**TASK GOAL**
Please restate the records that follow exactly, skipping their images.

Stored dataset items

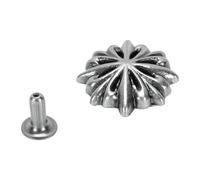 Zunate Rivets à Fleurs en Argent Antique 16 Mm, Rivets Décoratifs en Cuir pour Réparation Artisanale - 20 Ensembles de en Métal avec Pieds de 3 X 7 Mm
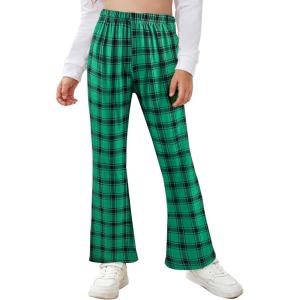 Arshiner Girls Print Flare Leggings Kids Elastic High Waisted Bell Bottoms Yoga Pants with Pockets(Green Black Plaid)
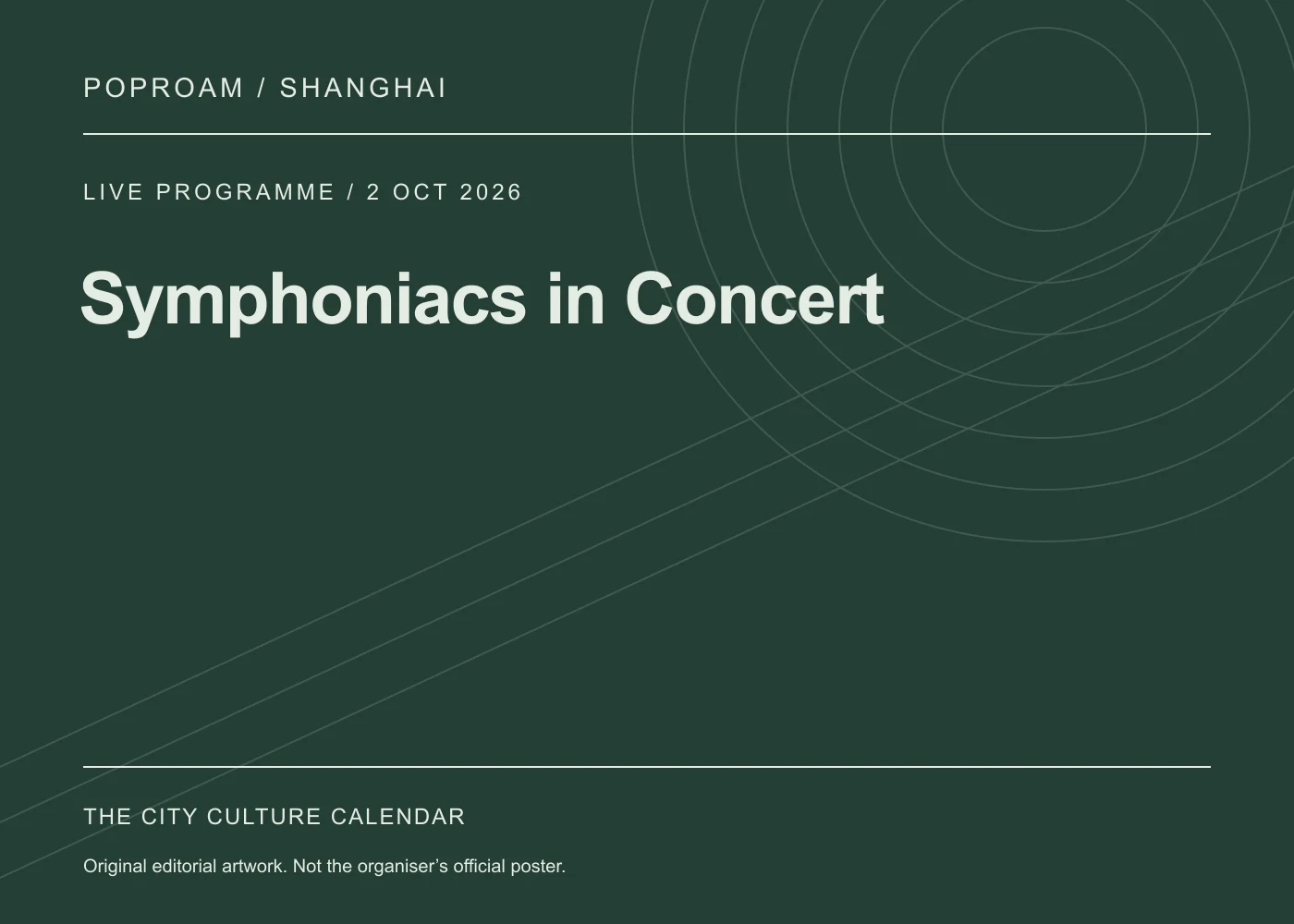 Original editorial programme artwork for Symphoniacs in Concert. This is not the organiser’s official poster.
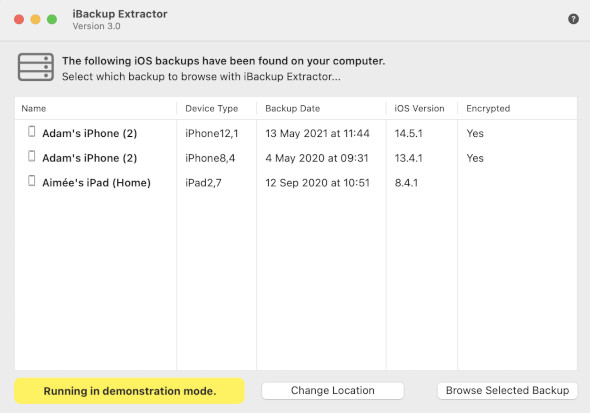 Select a backup to browse in iBackup Extractor for Mac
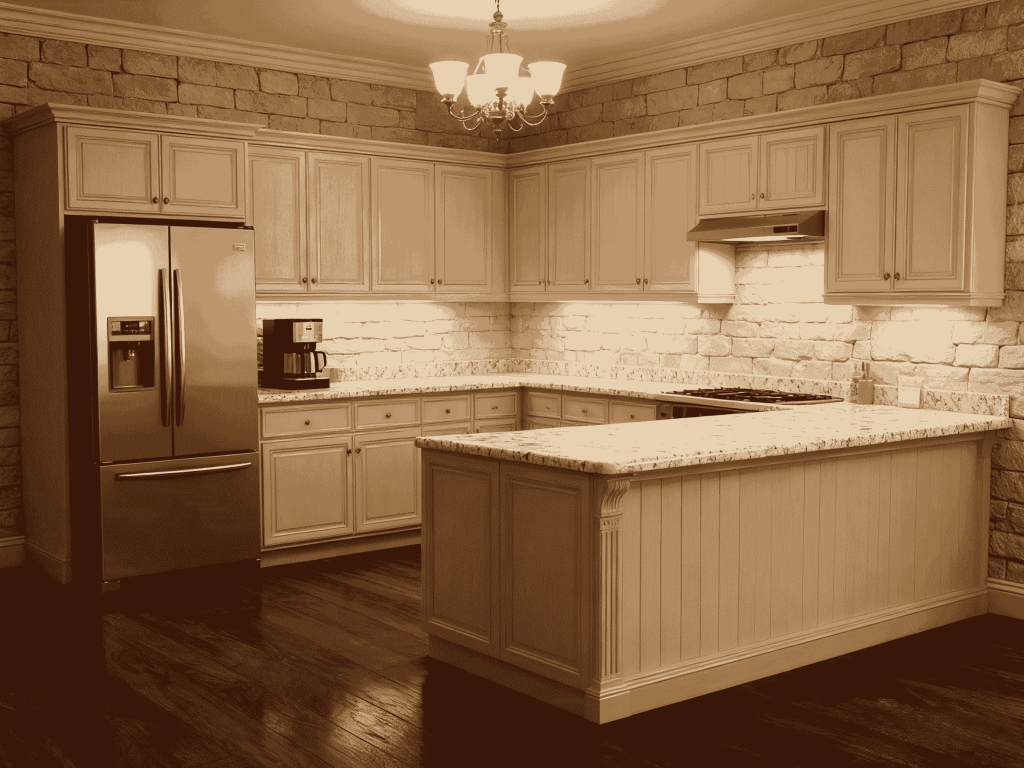 a project of french style kitchen countertop made by calacatta quartz gold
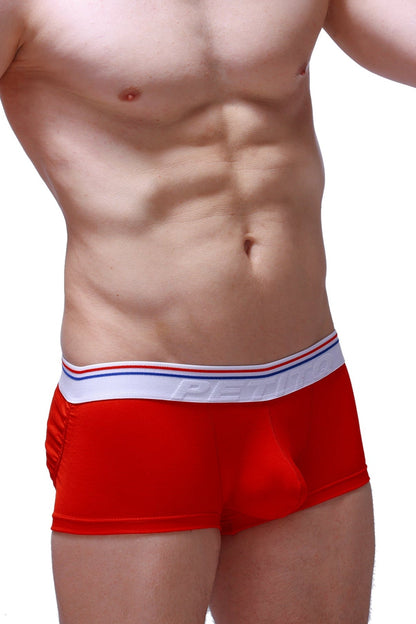 Petitq boxer push-up red men’s briefs in red with a white elastic waistband featuring red and blue stripes and peak branding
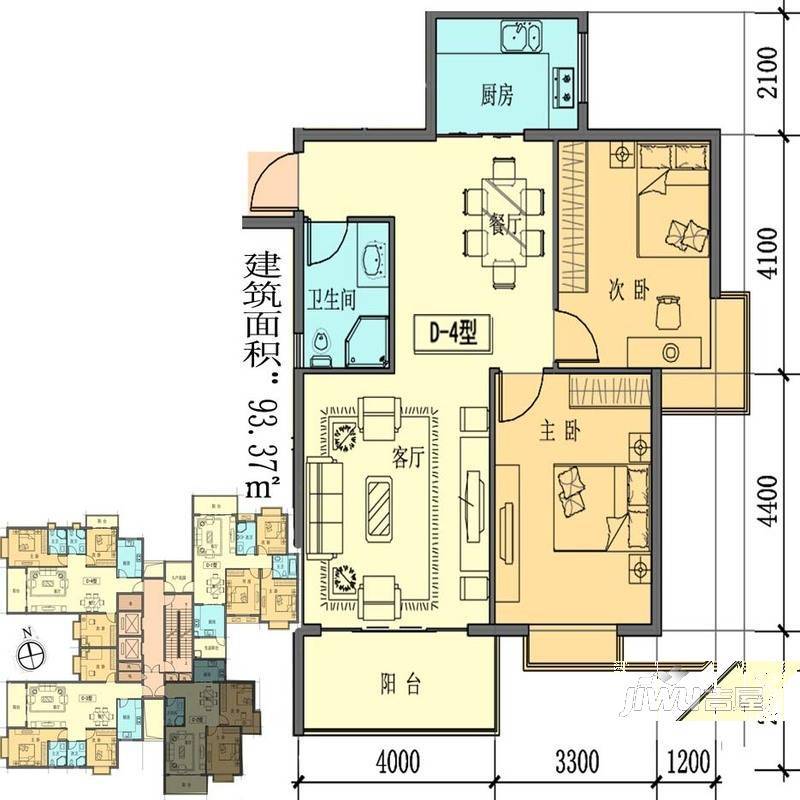 聚福新城2室1厅1卫93.4㎡户型图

**WRITTEN REPLY**
 Zunate Rivets à Fleurs en Argent Antique 16 Mm, Rivets Décoratifs en Cuir pour Réparation Artisanale - 20 Ensembles de en Métal avec Pieds de 3 X 7 Mm
 Arshiner Girls Print Flare Leggings Kids Elastic High Waisted Bell Bottoms Yoga Pants with Pockets(Green Black Plaid)
 Original editorial programme artwork for Symphoniacs in Concert. This is not the organiser’s official poster.
 Select a backup to browse in iBackup Extractor for Mac
 a project of french style kitchen countertop made by calacatta quartz gold
 Petitq boxer push-up red men’s briefs in red with a white elastic waistband featuring red and blue stripes and peak branding
 聚福新城2室1厅1卫93.4㎡户型图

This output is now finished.